The demographic trends are horrible. The debt ratios are unprecedented. We need to weed this stuff out of our economy and that was the great depression was, it was three years of a huge financial detox, but we came screaming out of that down turn. We’re not coming screaming out of this and it’s taking massive stimulus because we’re not restructuring our debt, we’re not letting banks and business fail. The whole foundation of the free market capitalist system is failure.
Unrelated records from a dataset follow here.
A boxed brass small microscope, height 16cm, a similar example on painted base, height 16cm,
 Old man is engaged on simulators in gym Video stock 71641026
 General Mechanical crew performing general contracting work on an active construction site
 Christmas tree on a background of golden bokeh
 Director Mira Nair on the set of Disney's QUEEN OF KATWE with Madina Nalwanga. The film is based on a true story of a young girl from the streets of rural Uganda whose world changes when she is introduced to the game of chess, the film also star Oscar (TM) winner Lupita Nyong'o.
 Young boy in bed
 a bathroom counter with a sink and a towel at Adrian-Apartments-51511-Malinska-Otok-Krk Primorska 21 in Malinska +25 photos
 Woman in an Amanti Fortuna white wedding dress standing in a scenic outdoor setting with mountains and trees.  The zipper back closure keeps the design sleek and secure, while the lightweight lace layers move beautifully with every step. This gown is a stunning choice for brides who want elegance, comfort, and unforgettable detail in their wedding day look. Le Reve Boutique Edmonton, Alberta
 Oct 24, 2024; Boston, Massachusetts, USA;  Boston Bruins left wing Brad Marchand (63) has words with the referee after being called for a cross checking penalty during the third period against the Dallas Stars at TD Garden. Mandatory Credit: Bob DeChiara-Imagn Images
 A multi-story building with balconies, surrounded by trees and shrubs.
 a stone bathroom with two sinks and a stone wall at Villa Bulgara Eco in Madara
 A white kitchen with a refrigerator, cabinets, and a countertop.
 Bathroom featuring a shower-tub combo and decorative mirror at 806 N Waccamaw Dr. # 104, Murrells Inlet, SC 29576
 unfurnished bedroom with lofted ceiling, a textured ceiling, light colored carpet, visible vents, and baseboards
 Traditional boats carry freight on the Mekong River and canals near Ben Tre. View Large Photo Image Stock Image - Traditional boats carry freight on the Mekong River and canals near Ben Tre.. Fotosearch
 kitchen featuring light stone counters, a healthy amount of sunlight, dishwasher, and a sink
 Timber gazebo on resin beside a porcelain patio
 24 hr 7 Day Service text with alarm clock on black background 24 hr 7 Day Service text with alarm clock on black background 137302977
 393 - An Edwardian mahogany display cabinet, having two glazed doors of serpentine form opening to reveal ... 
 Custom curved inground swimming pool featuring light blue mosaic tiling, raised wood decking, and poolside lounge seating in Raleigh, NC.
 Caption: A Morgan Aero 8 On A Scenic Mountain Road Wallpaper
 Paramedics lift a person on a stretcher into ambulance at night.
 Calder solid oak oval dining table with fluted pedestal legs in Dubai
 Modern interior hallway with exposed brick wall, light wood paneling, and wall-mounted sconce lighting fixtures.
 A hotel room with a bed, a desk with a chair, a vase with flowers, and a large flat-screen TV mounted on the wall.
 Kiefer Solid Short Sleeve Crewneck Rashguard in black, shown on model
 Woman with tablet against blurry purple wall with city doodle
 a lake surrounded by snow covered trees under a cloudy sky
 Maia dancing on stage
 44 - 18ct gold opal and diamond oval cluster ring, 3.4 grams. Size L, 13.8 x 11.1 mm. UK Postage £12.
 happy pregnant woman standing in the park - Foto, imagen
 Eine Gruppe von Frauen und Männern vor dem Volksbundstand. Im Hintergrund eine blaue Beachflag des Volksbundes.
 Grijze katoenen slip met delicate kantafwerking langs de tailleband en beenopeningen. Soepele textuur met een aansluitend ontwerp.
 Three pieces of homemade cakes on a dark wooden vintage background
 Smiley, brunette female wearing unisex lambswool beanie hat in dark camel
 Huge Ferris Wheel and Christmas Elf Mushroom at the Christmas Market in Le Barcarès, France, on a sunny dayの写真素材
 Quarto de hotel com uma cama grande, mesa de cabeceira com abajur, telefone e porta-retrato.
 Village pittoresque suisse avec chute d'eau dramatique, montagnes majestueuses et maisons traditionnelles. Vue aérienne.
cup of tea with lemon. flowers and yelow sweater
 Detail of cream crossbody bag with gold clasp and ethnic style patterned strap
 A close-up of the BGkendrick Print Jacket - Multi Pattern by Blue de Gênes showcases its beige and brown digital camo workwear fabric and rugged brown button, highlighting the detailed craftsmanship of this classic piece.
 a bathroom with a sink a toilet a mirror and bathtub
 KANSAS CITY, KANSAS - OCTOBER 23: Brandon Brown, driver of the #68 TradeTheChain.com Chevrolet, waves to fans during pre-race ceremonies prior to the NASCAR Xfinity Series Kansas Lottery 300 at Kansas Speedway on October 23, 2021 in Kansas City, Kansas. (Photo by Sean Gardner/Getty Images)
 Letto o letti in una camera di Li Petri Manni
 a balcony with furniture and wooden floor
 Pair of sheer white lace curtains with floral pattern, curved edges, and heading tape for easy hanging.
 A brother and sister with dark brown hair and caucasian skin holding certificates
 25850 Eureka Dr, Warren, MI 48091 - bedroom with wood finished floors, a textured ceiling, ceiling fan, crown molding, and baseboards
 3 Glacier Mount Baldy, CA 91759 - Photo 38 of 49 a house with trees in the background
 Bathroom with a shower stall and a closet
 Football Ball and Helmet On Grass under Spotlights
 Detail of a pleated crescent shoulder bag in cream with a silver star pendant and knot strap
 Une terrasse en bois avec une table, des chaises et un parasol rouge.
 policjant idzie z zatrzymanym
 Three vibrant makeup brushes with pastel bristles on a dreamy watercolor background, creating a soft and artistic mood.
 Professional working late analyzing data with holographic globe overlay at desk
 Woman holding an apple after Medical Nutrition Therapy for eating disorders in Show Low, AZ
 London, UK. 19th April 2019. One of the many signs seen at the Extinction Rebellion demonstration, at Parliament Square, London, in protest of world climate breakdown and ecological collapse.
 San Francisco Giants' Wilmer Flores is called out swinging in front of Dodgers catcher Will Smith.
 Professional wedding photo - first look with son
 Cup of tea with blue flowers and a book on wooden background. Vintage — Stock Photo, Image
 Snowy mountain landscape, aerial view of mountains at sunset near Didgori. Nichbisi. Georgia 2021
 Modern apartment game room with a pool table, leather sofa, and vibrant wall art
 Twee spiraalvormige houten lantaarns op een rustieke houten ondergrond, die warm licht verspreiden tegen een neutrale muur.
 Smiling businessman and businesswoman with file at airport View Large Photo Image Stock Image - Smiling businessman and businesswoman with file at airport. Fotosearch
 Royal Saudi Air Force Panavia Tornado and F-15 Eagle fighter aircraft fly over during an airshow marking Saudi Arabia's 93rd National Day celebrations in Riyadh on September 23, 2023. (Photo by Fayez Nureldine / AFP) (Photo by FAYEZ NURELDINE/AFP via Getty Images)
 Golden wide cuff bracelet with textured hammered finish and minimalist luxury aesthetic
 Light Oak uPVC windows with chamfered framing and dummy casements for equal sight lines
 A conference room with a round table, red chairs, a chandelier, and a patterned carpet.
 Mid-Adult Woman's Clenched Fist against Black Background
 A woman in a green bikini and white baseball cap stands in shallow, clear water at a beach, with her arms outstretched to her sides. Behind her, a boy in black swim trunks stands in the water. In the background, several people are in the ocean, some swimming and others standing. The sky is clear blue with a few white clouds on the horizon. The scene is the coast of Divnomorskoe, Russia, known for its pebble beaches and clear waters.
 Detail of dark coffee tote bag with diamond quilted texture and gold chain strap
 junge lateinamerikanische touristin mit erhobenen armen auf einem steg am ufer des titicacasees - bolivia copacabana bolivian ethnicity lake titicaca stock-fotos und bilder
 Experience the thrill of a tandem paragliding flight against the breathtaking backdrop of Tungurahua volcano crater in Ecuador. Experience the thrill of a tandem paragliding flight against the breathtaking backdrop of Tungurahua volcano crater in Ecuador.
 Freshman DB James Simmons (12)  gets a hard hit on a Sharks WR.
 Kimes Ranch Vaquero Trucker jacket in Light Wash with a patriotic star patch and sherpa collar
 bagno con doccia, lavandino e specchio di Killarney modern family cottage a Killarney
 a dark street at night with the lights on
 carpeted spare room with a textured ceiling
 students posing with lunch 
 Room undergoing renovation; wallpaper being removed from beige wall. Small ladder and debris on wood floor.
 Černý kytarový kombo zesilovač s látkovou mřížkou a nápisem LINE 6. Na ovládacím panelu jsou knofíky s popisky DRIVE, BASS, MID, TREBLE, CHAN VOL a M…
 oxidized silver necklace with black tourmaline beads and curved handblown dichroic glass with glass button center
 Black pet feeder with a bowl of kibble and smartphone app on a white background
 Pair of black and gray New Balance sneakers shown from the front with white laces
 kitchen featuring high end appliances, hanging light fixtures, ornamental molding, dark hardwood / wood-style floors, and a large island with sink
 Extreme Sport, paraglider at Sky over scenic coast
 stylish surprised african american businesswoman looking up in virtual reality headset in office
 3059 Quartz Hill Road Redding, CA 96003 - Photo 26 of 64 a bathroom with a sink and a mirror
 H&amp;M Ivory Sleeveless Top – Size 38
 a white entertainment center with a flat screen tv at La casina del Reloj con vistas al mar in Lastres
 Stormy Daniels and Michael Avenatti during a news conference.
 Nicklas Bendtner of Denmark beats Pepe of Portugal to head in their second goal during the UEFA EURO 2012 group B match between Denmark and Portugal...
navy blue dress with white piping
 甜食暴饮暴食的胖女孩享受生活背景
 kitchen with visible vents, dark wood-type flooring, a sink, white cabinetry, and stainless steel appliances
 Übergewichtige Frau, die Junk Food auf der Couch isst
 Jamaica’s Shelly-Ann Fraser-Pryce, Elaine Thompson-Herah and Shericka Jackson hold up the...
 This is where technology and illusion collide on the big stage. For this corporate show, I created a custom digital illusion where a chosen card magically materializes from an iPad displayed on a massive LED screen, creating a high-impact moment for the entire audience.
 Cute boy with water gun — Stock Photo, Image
Without failure, you don’t get innovation. Governments are not allowing anything to fail. They’re not allowing banks to fail, companies to fail, not allowing the economy to slow and restructure, not allowing debt to be leveraged. If they hadn’t given the banks trillions of dollars, the banks would have had either to go under or write down and restructure a lot of loans, which would have reduced the debt burden for households and businesses and would have given us more cash flow. That’s a real stimulus plan. That goes at the heart of problem, instead the governments are giving banks money for free, the banks sit there and say, well, we don’t have to write down loans, the feds keep bailing us out, so we’ll just wait for housing to come back one day and Goldilocks land and never have to write off our loans. Well,that’s not what’s going to happen, but that’s what everybody is doing, because the government is creating that illusion.

Jason:
It’s a silly business plan. The problem is when you have politicians who wanna make, get this instance gratification during their ten year, there’s all kind of mal investment and this is just not like a prudent real way to manage an economy is it?

Harry:
I call it Jason killing the golden goose, basically free market capitalism needs inflation, stimulates massive investment and innovation. It needs deflation, it needs booms, it needs busts. If you don’t deleverage financial debt bubbles, they keep waiting on a 300lb back pack and that’s what Japan has. Japan has grown at zero inflation, zero GDP growth, in fact slightly negative for the last 20 years, because they’re in a coma economy. Why? Endless stimulus. They’re like an emergency room on life support barely alive, because they’re not letting the system flush out the excess, again, how’s the next generation can afford real estate if it doesn’t come down in price?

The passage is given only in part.